* [YOUR TASK]: Scan the records for the word "Sleeve". Report each line where it occurs.

* [SUPPLIED DATA]:

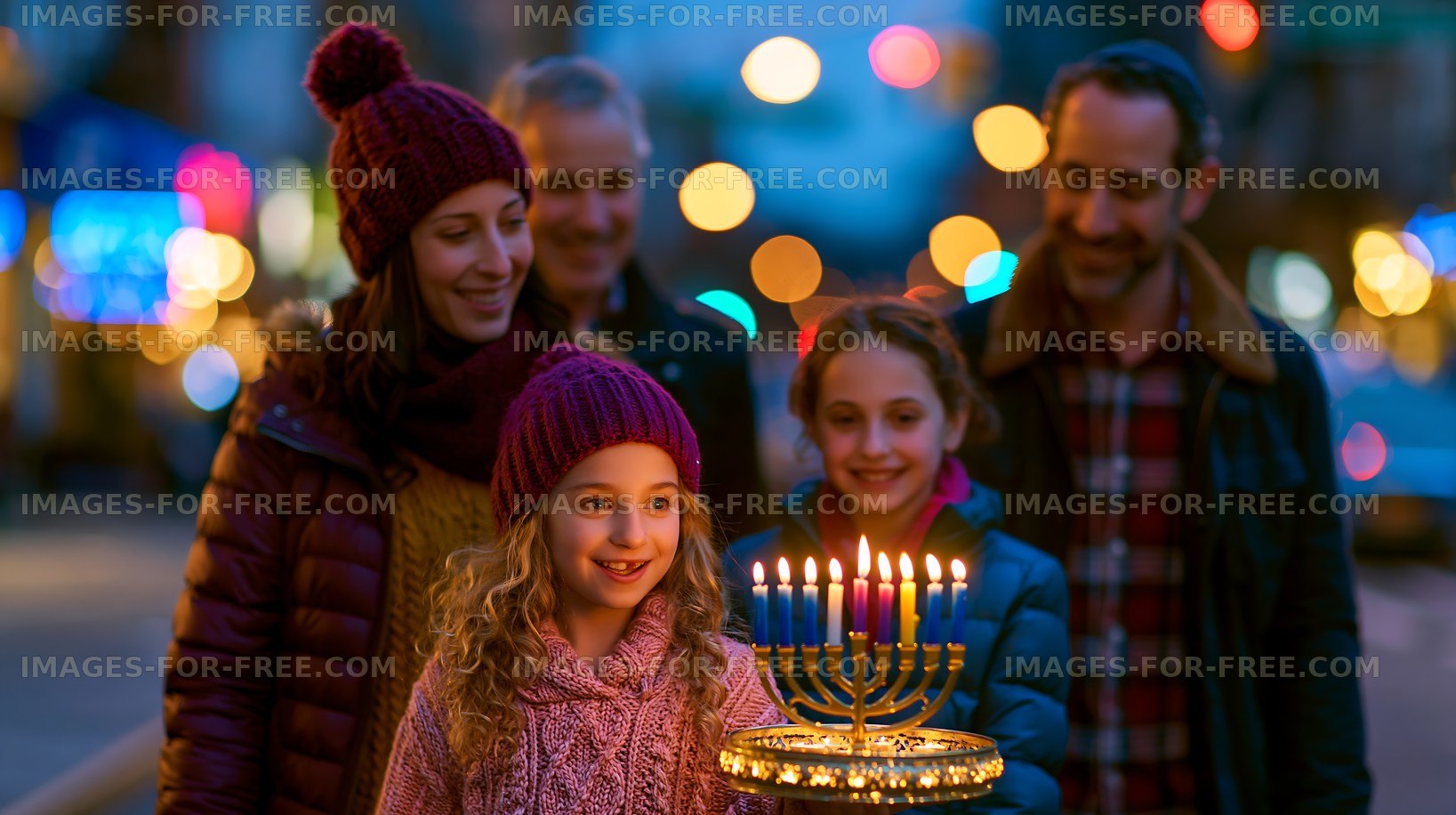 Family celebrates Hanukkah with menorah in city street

* * *

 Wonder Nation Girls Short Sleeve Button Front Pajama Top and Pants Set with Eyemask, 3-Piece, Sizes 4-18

--

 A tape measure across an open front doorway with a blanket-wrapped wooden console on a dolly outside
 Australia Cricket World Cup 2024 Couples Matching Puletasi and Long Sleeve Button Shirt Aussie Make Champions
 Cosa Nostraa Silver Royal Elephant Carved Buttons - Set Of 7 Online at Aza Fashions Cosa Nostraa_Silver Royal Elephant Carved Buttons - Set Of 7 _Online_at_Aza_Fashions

* [EXERCISE RESPONSE]:
 Wonder Nation Girls Short Sleeve Button Front Pajama Top and Pants Set with Eyemask, 3-Piece, Sizes 4-18
 Australia Cricket World Cup 2024 Couples Matching Puletasi and Long Sleeve Button Shirt Aussie Make Champions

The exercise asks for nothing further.